As described above, in the present embodiment, the entire discharge openings 71Rb and 71Lb are disposed at positions not overlapping the passage portion 42 of the scanner 4 in the Y direction. Therefore, it is possible to reduce an amount of a toner that falls on the passage portion 42 of the scanner 4 even when the toner falls downward from between the discharge opening 71b and a reception opening 53b. Therefore, it is possible to further suppress deterioration in performance of the scanner 4.

Other Embodiments

In the first and second embodiments described above, the waste toner accommodating portion 62 includes the first waste toner chamber 62a, the second waste toner chamber 62b, and the connecting chamber 62c, and the scanner 4 is disposed in the recess 63 of the waste toner accommodating portion 62, but the present technology is not limited thereto. For example, the waste toner accommodating portion 62 does not have to have the recess 63. In this case, for example, the waste toner accommodating portion 62 may be arranged so as to at least partially overlap the scanner 4 when viewed in the Y direction, and may be arranged so as to be offset from the scanner 4 in the Y direction. As described above, the shape and material of the waste toner accommodating portion 62 are not limited as long as the waste toner accommodating portion 62 is arranged so as to at least partially overlap the scanner 4 when viewed in the Y direction.

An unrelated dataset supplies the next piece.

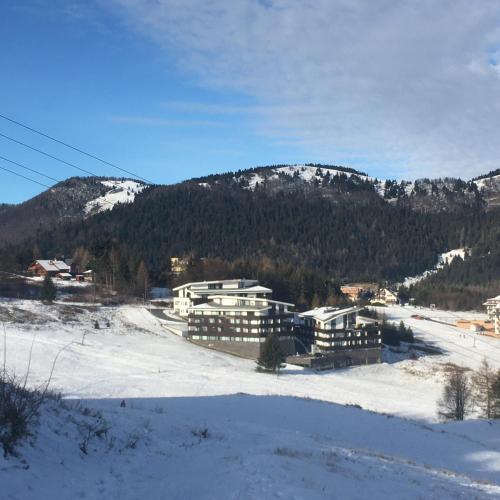 Apartm�n 6 Triangel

In the present embodiment, the toner cartridge 70 includes the two discharge openings 71Rb and 71Lb, but the present technology is not limited thereto. For example, the number of discharge openings (71b) provided in the toner cartridge 70 may be one or three or more.

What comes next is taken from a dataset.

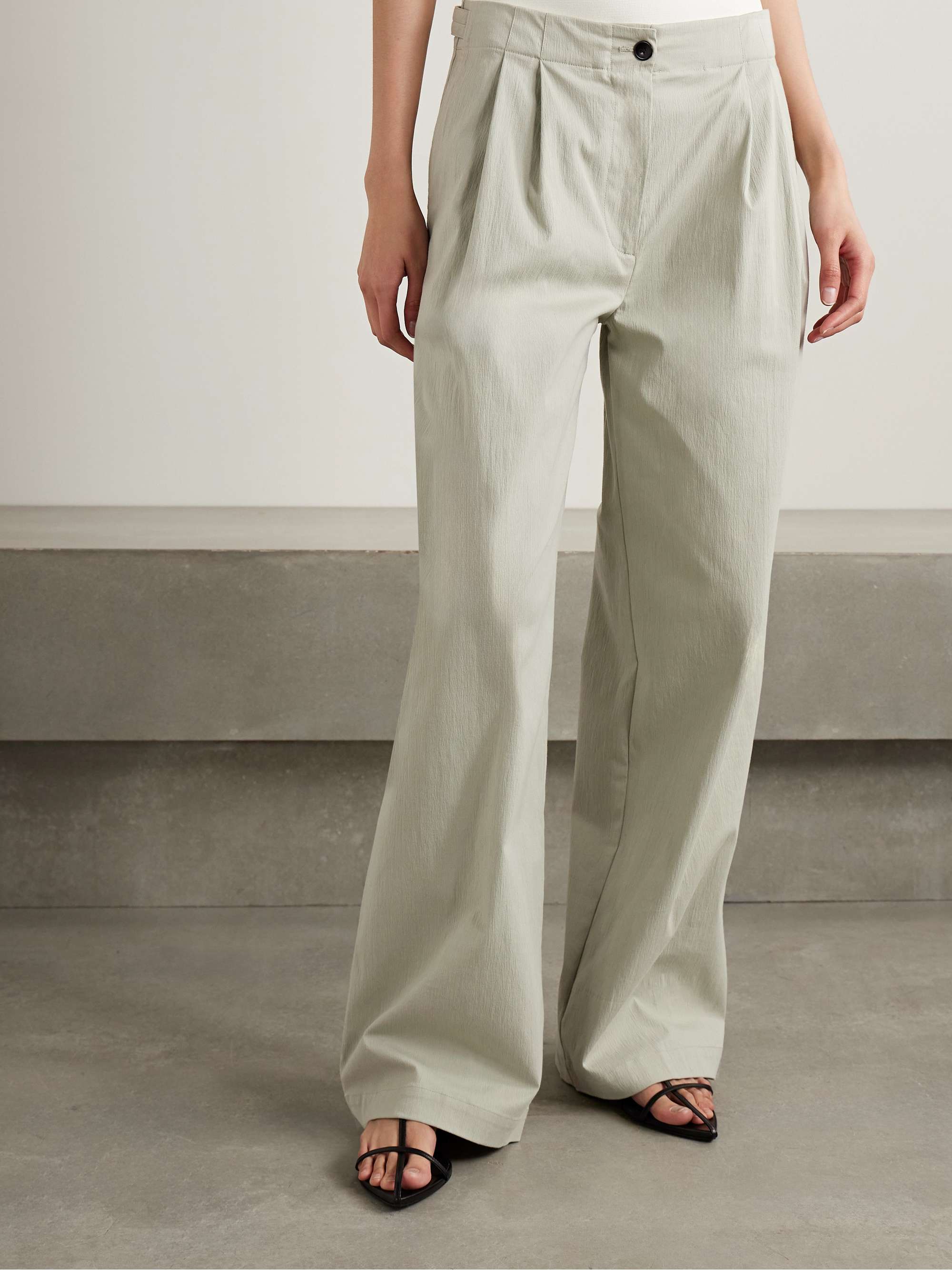 PROENZA SCHOULER WHITE LABEL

In the first and second embodiments described above, a configuration in which the rotary body 90 includes the four developing units 50y to 50k and the toners of four colors are used to form a color image has been described. However, the rotary body 90 may include three or less developing units, or may include five or more developing units. In these cases, the number and arrangement of the trays and the toner cartridges can be appropriately changed according to the number of developing units. For example, in the first and second embodiments described above, a configuration in which the four toner cartridges 70y to 70k is attachable to and detachable from the rotary body 90 has been exemplified. However, the rotary body 90 may include only one developing unit 50k, and only one toner cartridge 70k may be mounted on the rotary body 90. In this case, the rotary body 90 rotates clockwise in FIG. 1 around the rotation axis 90C, and can sequentially take the black replacement posture and the black developing posture.

In the first and second embodiments described above, a configuration in which the rotary body 90 includes the four developing units 50y to 50k and the toners of four colors are used to form a color image has been described. However, the rotary body 90 may include a plurality of developing units capable of performing image formation using toners of the same color. For example, the rotary body 90 may include four black developing units 50k, and four toner cartridges 70k may be mounted on the rotary body 90.

While the present invention has been described with reference to exemplary embodiments, it is to be understood that the invention is not limited to the disclosed exemplary embodiments. The scope of the following claims is to be accorded the broadest interpretation so as to encompass all such modifications and equivalent structures and functions.

This application claims the benefit of Japanese Patent Application No. 2024-070299, filed Apr. 24, 2024 and Japanese Patent Application No. 2024-070298, filed Apr. 24, 2024, which are hereby incorporated by reference herein in their entirety.